Turkey Stocks Drop as Lira Extends Rout After Intervention Fails

The lira extended its drop to a record low against the dollar and stocks slid after the Turkish central bank’s first unscheduled intevention in more than two years failed to stem the currency’s decline yesterday.

The currency plunged to a record 2.3360 per dollar before trading 1.6 percent lower at 2.3283 as of 6:03 p.m. in Istanbul. The Borsa Istanbul 100 Index lost 1.5 percent to 64,427.52, the lowest close since Dec. 27. Two-year bond yields rose 48 basis points to 10.97 percent, increasing for a fifth day in the biggest gain across emerging markets.

Turkey’s central bank sold between $3.5 billion to $4 billion yesterday to shore up the lira, according to Istanbul-based brokerage Strateji Menkul Degerler. The regulator said “unhealthy price formations” prompted the intervention as the currency extended its longest rout since 2001. The nation has kept rates unchanged since August, favoring tighter funding costs for banks and daily dollar sale auctions, with a minimum $100 million on offer today.

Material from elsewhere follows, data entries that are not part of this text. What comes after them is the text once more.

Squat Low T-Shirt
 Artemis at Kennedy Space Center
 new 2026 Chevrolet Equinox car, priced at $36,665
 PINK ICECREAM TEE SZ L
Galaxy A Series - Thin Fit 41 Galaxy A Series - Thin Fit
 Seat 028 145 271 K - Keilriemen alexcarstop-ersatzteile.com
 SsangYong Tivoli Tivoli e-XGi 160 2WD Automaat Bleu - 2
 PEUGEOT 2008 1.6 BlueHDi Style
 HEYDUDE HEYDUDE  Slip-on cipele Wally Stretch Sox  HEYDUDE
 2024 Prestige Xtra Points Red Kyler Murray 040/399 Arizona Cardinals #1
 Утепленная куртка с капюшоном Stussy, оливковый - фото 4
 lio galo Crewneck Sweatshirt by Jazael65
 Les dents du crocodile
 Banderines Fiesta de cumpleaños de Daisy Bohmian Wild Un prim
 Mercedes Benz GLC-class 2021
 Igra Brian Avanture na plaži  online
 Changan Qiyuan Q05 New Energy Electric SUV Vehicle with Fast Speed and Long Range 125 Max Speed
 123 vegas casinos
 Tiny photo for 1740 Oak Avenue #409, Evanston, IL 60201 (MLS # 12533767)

“The aim was to inject a ‘shock and awe’ effect into the market by making the intervention process less predictable,” Manik Narain, a currency strategist at UBS AG in London, said in an e-mailed note. “But the results were rather embarrassing.”

Worst Performer

Turkey’s currency is the world’s worst performer following the Argentinian peso in the past month after an anti-corruption probe into the government spiraled into a political crisis and forced three ministers to resign.

“Direct interventions have made things worse,” Burak Cetinceker, an Istanbul-based portfolio manager at Strateji Menkul Degerler AS, said in an e-mail. “This shows demand for dollars is not a speculative attack, but from real money investors.”

Gross foreign-exchange reserves at the central bank fell to $106.9 billion yesterday, the lowest since Sept. 20, the regulator’s data show. Russia holds $480 billion, while Brazil has $375 billion, according to figures compiled by Bloomberg.

“Exchange rates have come to the levels the central bank really does not want to see,” Emre Balkeser, head of trading at Garanti Securities in Istanbul, said in an e-mail. Reduced appetite for emerging-market assets is also weighing on the lira, he said.